Serra, por sua vez, consegue manter o ritmo, a frieza, frente às perguntas, respostas, réplicas, tréplicas, e até se mostra seguro dadas as experiências com essa ordem do dizer... [“uma cobra criada”, diria o Plínio se não tivesse que apresentar bons modos.] Mas Serra pensa que engana quando, na ânsia de vencer, apaga a história política do país, os projetos encaminhados, junta tudo e põe no mesmo saco, homogeneizando 8 anos ou mais ao nada feito e faz promessas milagrosas. Chega ao ponto de dizer “Eu não fico fazendo promessas, eu falo coisa que efetivamente vou fazer”. O conceito de promessas, portanto, vai por água abaixo.

Em suma, poderíamos dizer que as falas foram divididas da seguinte forma: Enquanto Marina ponderava suas palavras a fim de não cair no lugar comum da generalização, do esquecimento da história; Serra fazia o contrário, tentava apagar as políticas do governo anterior, contraditoriamente destacando alguns projetos positivos como sendo copiados de seu mandato enquanto governador de SP, e tende a profetizar. Já Plínio agia em função de devolver as perguntas quando na ocasião de sua fala era para responder ao que lhe foi questionado. Era parte de sua estratégia retórica fazer com que os adversários se expusessem; deixassem cair suas máscaras, entrar em contradição, atacá-lo. Experto, eu diria. Dilma, por sua vez, apresentou uma fala trêmula, pouco futurista, mais mantenedora das práticas do governo Lula, óbvio. Eis porque o apelo à história do governo, aos números, aos quadros estatísticos era bastante recorrente. No momento final do debate, eu diria que Marina foi humilde, agradecendo aos colegas e a Bonner pelo evento tal como Dilma; Serra agradece aos adversários, mas marca o egocentrismo destacando seu currículo, suas experiências, seu EU. Plínio faz ecoar nos últimos segundos uma voz interjetiva: “Viva o Brasil!”
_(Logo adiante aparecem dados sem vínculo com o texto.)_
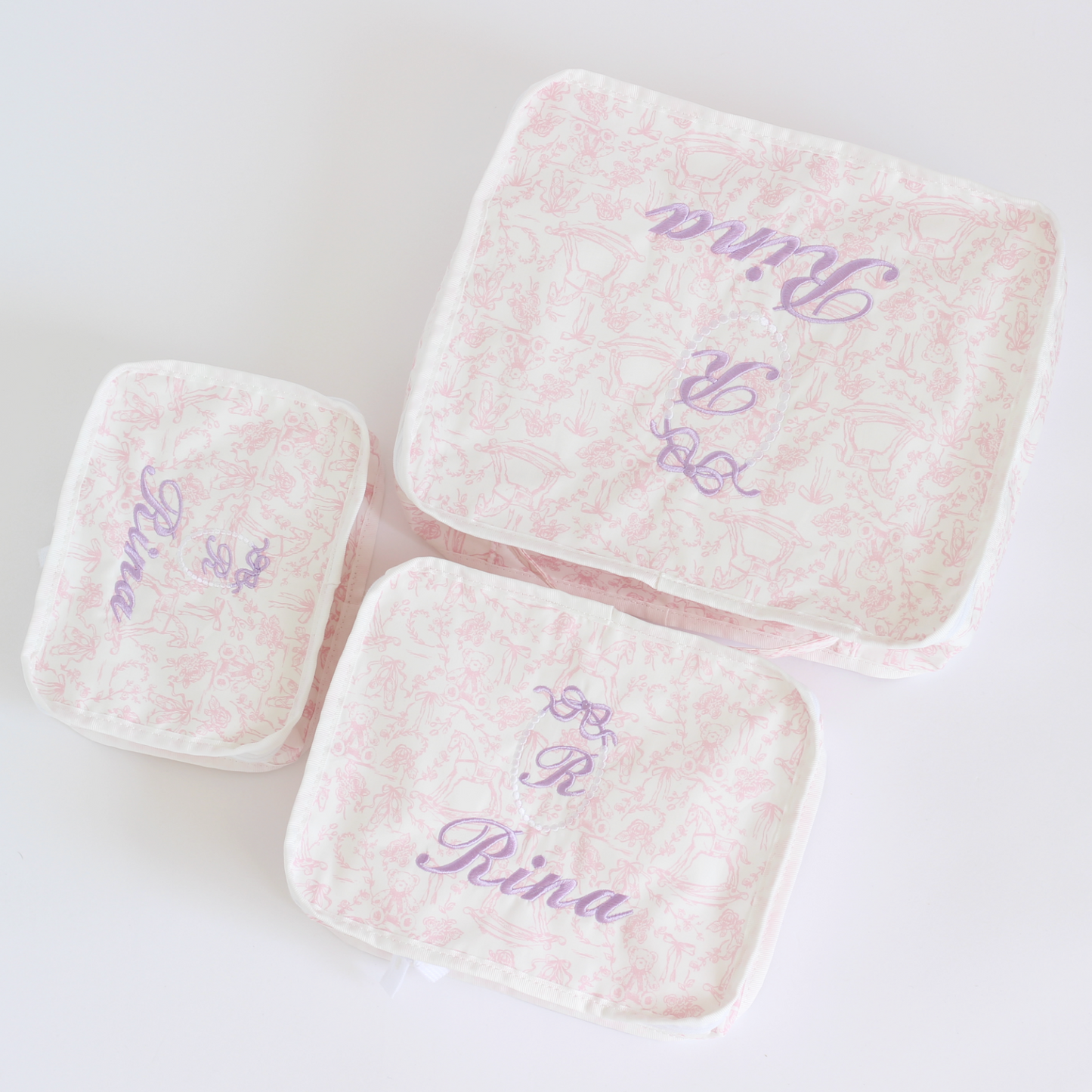 【選べるモチーフ+名入れ刺繍】トワルドジュイ柄スタッキングポーチ３点セット　パウダーピンク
Percebi, pois, que o uso da fala ao vivo espremida, real, sem cortes... é, às vezes, até constrangedora, porque ela faz se sobressaírem de forma nua e crua as apreensões, as angústias, as aflições, a imediatez, a tentativa de raciocínio objetivo, o desespero, as promessas improvisadas de candidatos que apelam para ter antes do controle do poder político, o controle do discurso, esse “poder pelo qual se luta” como disse Michel Foucault. Mas o discurso, a língua, as palavras deslizam-se porque são fluidas como água que escorre entre as frestas de um balaio trançado com fios de samambaia.